The main problem with headphone mixing is your stereo imaging is off, and you'll often wont have much of a stereo sound. You can do decent mixes without fancy monitors, just check your mixes in your car or in a stereo system. A lot of people get way too ahead of themselves when it comes to making music and think they need high end equipment the second they start producing. Work on your arrangements, workflow, music theory, etc. Then worry about actually making your tracks sound good. There are plenty of awesome tracks out there that I've heard and have drawn me into liking a new artist where the mixing is very sub-par. Your musicianship can go a long way.
 
Yes, you can mix on a decent set of headphones. It's just not as easy or desirable as a good set of monitors in an acoustically treated space.

It's not so much the stereo field that's hard to judge--the human ear processes frequencies differently when they come from headphones in direct contact with your skull (ear buds are even worse) compared to sound travelling through free air.

However, as Captain471 says, you can teach yourself to compensate. First, find a commercial recording you like, preferably in the same genre you'll be recording, and listen carefully to how it sounds on your headphones. Then do a trial mix of you own material, burn a CD and play it on as many different systems as you can, again listening critically to how your CD sounds compared to what you heard in your cans. Take a note of what changes you'd need (more bass, less treble, whatever) to sound like what you had in your cans. Repeat this exercise until you're confident about how mixes have to sound in your headphones to sound good everywhere.

FYI, even with a good set of studio monitors, you still have to go through a process of "learning the sound". It just that the monitors will likely get you closer even on the first try.
 
Straight up, I can't afford monitors, I couldn't even afford them if they were 40$.
Then get saving !
Seriously though, even a good set of hi fi speakers will do for now.
Is it really a necessity to use monitors in a treated room?
No, of course not. Neither is it a necessity to have two eyes, two arms and two legs. But you'll be a better basketball player that way, you get me......?

The main problem with headphone mixing is your stereo imaging is off, and you'll often wont have much of a stereo sound.
Although alot of people say this, it sounds illogical to me. Because I grew up in the walkman age and before, I've been listening to music on stereo headphones regularly since the 70s. So I've made a point of studying stereo imaging for 36 years. Long before I ever thought of making music. And there is such a huge variety of the ways engineers have mixed, that is, where things have been placed in the stereo spectrum. Then when you hear the same on speakers in a room, well, it's different from phones but still the same variety exists.
 
Then get saving !

Although alot of people say this, it sounds illogical to me.

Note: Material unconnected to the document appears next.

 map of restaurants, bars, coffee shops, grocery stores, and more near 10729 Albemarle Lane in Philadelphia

Because I grew up in the walkman age and before, I've been listening to music on stereo headphones regularly since the 70s. So I've made a point of studying stereo imaging for 36 years. Long before I ever thought of making music. And there is such a huge variety of the ways engineers have mixed, that is, where things have been placed in the stereo spectrum. Then when you hear the same on speakers in a room, well, it's different from phones but still the same variety exists.

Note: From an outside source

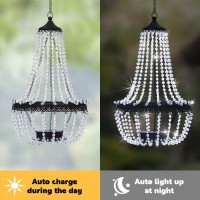 Hanging Solar Lantern Outdoor 28 Modern Crystal Acrylic Chandelier With 30 Cool White Lights S Hook For Garden Yard Patio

I suspect it's more a case that the headphones exaggerate the stereo field possibly causing the unwary mixer to be, if anything, too conservative. In my youth I used to love putting on headphones and hearing favourite tracks ping-ponging from one ear to the other in a way that you didn't get on speakers.

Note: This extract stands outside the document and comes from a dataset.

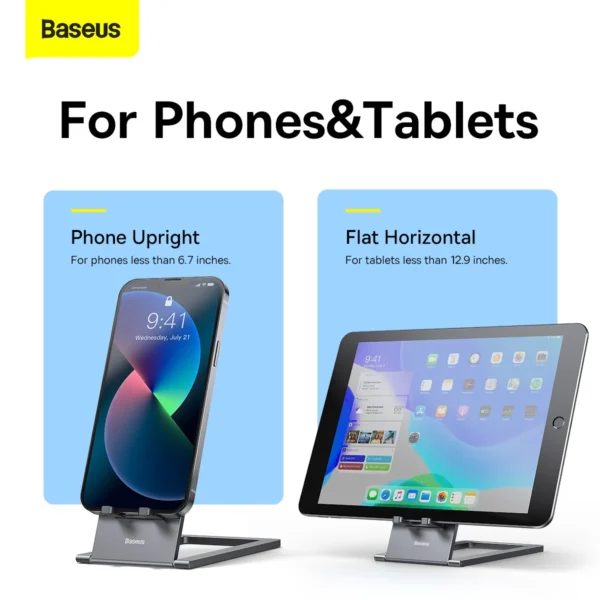 Support de bureau pliable en métal pour tablette et ordinateur portable -Gris –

However, as I say, the big difference is the skewed frequency response you get with the transducers in direct contact with your skull so the sound (particularly at the bass end) is transferred directly to the bones of the inner ear without the usual free air space in the middle--sort of a human proximity effect!.
 
You'd be surprised how good you could get with studio headphones. I personally love mixing with headphones. Mainly cause I love how music sounds through a good pair of over the ear headphones. I agree with Bobbsy though. Get some good reference tracks close to the same style and try to make your mix as close to that at possible. It'd be good to find a track that maybe only have guitar during one part of the song and use a frequency analyzer to see what part of the spectrum it's hitting and then get your guitars as close as possible. Not much, but at least it'd help a little :)
 
I still think headphones are best suited for checking your mixes, rather than to base mix decisions on. In your situation, where you only have poor speakers in untreated rooms, vs headphones, I think you have got no choice - I'd go for the headphones. But do constantly compare your mix with the pro recordings, and do also do a "PC speaker test" at every stage where you think you're satisfied with the mix.